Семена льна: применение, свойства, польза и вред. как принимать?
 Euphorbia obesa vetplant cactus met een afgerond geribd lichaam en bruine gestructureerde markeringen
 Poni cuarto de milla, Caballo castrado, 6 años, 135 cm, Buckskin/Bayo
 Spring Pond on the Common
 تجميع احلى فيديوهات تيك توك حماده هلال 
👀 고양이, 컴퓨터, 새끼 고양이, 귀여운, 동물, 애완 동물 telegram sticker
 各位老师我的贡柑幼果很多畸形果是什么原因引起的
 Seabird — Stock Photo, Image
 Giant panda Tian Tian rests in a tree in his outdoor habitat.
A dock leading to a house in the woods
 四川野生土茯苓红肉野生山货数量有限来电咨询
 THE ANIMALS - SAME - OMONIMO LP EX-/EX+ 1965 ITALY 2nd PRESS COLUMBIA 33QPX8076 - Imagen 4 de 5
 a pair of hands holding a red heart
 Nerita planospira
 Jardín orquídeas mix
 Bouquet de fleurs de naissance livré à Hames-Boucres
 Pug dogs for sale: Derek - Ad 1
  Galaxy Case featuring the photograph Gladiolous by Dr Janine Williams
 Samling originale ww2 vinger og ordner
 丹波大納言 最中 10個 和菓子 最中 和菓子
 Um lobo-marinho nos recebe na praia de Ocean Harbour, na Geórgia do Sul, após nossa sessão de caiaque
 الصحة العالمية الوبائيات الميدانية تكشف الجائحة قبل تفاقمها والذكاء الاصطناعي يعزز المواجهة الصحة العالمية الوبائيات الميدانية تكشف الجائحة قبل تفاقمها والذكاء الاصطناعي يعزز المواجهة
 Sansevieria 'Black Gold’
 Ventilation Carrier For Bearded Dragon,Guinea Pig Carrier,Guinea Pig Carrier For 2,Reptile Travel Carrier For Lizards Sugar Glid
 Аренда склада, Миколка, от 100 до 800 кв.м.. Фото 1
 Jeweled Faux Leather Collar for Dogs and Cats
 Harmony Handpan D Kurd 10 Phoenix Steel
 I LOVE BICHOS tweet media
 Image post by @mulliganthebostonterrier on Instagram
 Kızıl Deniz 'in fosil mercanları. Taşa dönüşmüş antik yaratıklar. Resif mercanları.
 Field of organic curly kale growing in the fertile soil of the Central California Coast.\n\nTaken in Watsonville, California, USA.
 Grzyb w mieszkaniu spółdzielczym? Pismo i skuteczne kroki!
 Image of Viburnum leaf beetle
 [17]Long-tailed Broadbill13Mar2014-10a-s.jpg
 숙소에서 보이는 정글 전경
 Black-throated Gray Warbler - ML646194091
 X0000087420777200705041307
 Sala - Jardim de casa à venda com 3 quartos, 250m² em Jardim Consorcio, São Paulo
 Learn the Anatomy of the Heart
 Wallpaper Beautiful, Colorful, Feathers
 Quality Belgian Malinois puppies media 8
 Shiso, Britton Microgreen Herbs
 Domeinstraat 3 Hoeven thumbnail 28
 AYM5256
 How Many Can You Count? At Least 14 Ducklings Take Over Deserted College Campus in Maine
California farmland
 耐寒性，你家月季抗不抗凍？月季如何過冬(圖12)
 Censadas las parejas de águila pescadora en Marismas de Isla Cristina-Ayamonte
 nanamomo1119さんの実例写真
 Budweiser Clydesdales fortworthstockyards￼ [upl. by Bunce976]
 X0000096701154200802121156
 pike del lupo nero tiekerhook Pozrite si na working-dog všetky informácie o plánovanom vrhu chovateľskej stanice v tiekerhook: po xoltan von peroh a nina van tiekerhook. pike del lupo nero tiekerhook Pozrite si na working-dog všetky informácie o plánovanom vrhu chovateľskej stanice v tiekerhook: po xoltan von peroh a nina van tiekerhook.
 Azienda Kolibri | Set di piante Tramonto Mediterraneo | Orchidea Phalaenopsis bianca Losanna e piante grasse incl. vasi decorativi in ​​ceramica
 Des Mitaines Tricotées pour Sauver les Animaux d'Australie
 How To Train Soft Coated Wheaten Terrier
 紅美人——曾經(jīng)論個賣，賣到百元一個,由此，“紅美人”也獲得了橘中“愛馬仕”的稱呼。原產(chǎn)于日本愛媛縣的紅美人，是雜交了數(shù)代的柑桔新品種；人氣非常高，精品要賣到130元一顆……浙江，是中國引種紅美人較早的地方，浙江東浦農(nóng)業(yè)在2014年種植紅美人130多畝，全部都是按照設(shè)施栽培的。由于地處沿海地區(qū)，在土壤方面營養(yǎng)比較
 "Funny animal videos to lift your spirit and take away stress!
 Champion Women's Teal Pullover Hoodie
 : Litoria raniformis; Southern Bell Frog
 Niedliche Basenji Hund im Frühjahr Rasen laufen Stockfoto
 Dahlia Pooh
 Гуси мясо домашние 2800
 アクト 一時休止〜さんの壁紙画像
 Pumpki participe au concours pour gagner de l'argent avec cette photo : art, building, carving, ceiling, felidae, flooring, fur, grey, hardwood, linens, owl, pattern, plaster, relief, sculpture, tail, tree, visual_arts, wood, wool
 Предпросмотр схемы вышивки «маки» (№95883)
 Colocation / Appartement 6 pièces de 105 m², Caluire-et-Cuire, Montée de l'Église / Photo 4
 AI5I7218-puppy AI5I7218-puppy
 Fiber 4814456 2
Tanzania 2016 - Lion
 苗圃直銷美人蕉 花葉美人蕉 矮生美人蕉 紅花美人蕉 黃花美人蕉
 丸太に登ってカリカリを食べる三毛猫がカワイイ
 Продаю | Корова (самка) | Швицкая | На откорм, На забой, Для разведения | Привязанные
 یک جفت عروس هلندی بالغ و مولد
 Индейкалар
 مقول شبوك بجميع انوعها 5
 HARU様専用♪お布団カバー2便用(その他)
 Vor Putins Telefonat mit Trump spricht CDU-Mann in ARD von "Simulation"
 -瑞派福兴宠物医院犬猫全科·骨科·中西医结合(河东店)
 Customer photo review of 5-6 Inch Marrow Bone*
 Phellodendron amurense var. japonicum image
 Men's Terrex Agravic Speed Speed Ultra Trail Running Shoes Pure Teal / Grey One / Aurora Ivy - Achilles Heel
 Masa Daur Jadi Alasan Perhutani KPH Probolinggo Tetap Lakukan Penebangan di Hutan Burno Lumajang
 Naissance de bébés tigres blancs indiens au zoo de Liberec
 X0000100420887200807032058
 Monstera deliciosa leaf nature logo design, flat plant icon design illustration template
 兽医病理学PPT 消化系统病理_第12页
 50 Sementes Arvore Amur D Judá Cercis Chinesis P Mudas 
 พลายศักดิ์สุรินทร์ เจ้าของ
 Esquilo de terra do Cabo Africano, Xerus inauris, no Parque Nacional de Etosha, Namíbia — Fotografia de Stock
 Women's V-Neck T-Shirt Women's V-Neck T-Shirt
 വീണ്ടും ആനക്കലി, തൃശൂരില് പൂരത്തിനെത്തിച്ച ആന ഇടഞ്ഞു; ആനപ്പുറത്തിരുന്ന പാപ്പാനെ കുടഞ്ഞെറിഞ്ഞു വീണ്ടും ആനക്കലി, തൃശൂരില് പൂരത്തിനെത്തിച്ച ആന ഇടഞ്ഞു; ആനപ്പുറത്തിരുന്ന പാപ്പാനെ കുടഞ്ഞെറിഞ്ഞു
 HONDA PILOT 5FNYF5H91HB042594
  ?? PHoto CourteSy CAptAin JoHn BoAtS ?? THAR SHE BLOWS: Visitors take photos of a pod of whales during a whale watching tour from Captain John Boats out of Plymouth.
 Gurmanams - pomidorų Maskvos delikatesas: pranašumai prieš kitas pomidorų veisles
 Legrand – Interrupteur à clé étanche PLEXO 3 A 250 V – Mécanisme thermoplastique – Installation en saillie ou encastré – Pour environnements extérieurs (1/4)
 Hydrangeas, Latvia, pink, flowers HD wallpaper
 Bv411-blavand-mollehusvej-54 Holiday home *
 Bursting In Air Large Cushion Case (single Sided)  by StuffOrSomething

***

## [Your goal]
Reproduce, please, the lines of the material from its first line down to the line containing "Spring Pond on the Common", keeping both ends and nothing beyond them.

## [Output for this task]
Семена льна: применение, свойства, польза и вред. как принимать?
 Euphorbia obesa vetplant cactus met een afgerond geribd lichaam en bruine gestructureerde markeringen
 Poni cuarto de milla, Caballo castrado, 6 años, 135 cm, Buckskin/Bayo
 Spring Pond on the Common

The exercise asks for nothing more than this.